» Exercise materials
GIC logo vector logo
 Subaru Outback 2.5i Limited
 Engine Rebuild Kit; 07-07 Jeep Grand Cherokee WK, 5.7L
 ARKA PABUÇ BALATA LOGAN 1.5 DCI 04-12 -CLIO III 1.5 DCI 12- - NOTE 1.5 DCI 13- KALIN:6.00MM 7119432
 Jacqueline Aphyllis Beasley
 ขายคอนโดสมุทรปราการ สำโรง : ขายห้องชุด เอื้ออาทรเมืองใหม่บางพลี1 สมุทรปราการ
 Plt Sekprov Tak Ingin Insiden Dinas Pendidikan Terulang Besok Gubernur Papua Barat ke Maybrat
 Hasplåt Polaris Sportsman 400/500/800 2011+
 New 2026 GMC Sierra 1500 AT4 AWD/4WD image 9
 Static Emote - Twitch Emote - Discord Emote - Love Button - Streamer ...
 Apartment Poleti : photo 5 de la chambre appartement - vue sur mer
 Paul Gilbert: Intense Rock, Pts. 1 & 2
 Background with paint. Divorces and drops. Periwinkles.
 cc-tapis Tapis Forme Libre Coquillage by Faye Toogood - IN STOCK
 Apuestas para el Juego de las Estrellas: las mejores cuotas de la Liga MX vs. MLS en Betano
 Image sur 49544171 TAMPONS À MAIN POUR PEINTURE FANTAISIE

» Work instructions
Using the entries above, give back exactly the line containing "ARKA PABUÇ BALATA", the line containing "Plt Sekprov Tak", and every line between them, and nothing else.

» Answer to this task
 ARKA PABUÇ BALATA LOGAN 1.5 DCI 04-12 -CLIO III 1.5 DCI 12- - NOTE 1.5 DCI 13- KALIN:6.00MM 7119432
 Jacqueline Aphyllis Beasley
 ขายคอนโดสมุทรปราการ สำโรง : ขายห้องชุด เอื้ออาทรเมืองใหม่บางพลี1 สมุทรปราการ
 Plt Sekprov Tak Ingin Insiden Dinas Pendidikan Terulang Besok Gubernur Papua Barat ke Maybrat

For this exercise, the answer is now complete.